Task to carry out: Images are to be excluded, and the rest of the data repeated exactly.

Data segment:
------------

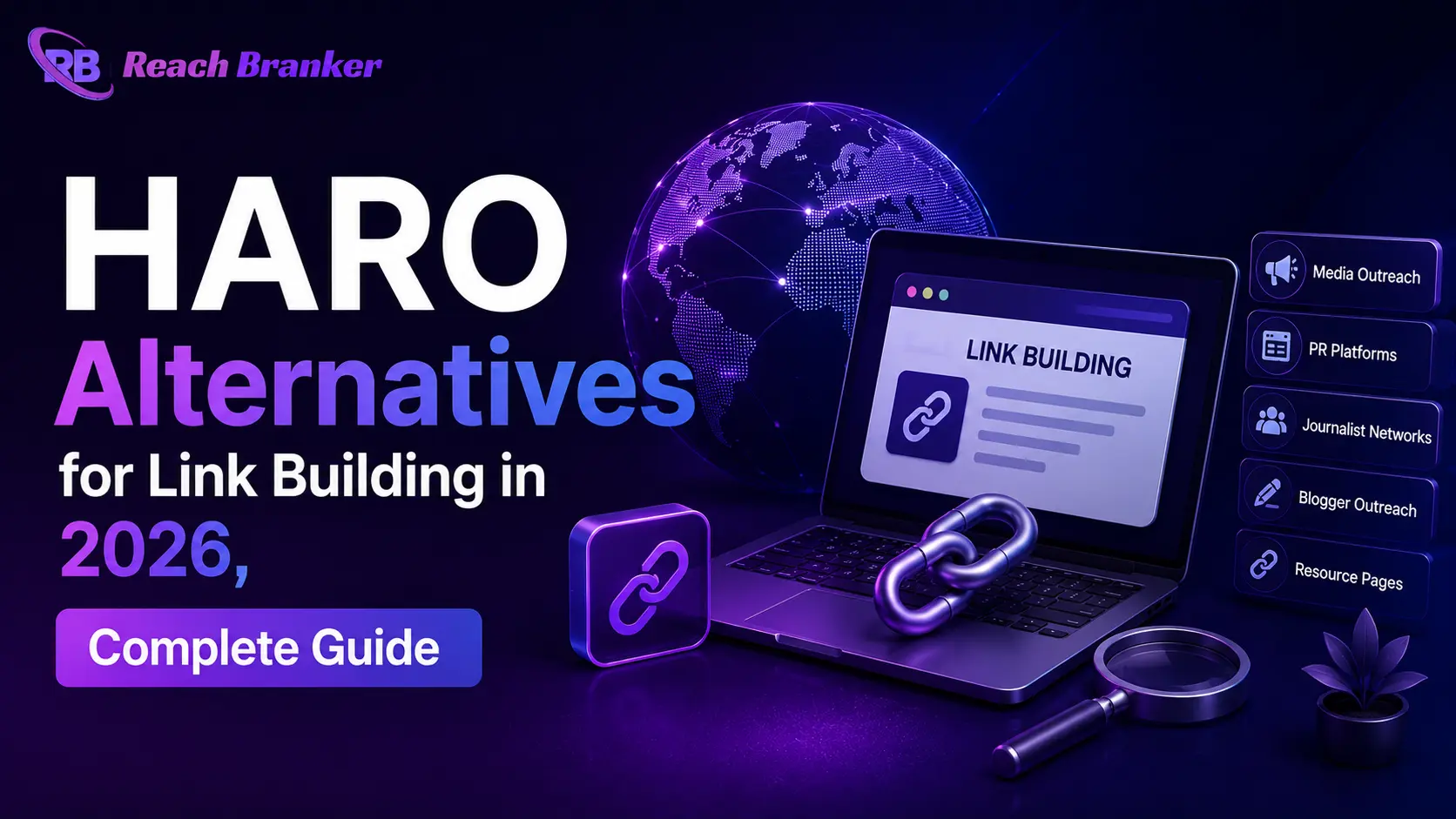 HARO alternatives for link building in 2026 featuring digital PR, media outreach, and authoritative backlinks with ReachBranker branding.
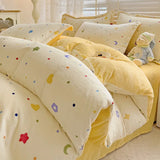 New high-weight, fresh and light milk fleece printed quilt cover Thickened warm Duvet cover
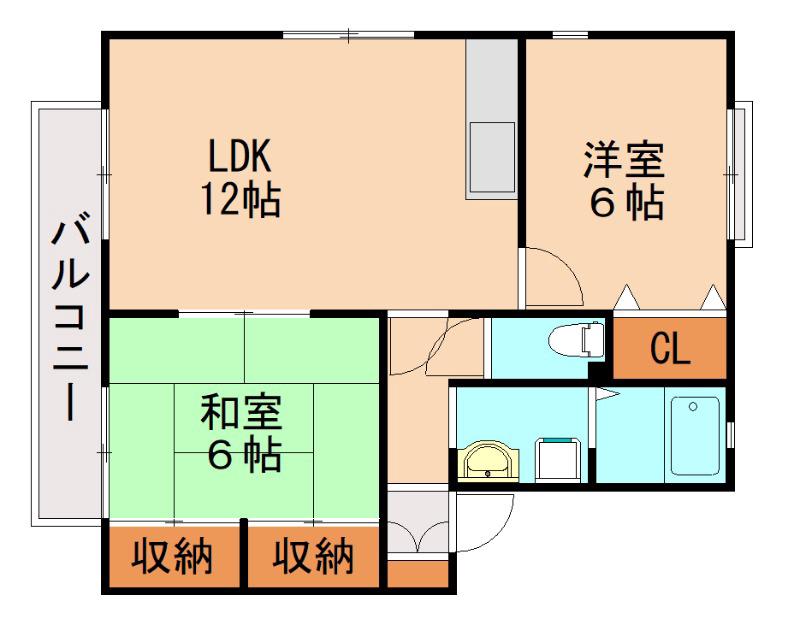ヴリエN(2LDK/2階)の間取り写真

------------

Problem solution:
 HARO alternatives for link building in 2026 featuring digital PR, media outreach, and authoritative backlinks with ReachBranker branding.
 New high-weight, fresh and light milk fleece printed quilt cover Thickened warm Duvet cover
ヴリエN(2LDK/2階)の間取り写真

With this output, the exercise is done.